Por lo tanto, es obvio que este factor de "uso de la tierra" es muy complejo de entender, con efectos a veces antagónicos como acabamos de ver. Parece que, en cuanto a los aerosoles, la incertidumbre de estos cambios en la cubierta terrestre también es importante para su estimación en el calentamiento global total.

Si agregamos todos los forzamientos antropogénicos y los comparamos con el forzamiento natural, obtenemos este gráfico.

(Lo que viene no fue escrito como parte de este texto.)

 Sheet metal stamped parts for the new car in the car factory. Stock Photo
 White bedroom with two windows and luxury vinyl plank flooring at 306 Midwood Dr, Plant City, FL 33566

La primera línea muestra todo el forzamiento relacionado con los diferentes gases de efecto invernadero,
La segunda línea incluye los otros forzamientos antropogénicos como aerosoles, uso de la tierra, etc.

La tercera línea presenta un balance de los forzamientos vinculados a las actividades humanas.

Y finalmente, la cuarta línea agrupa los forzamientos naturales como la energía solar y la actividad volcánica.




La cifra es muy clara: incluso teniendo en cuenta el margen de incertidumbre, las actividades humanas participan casi por completo en el calentamiento global.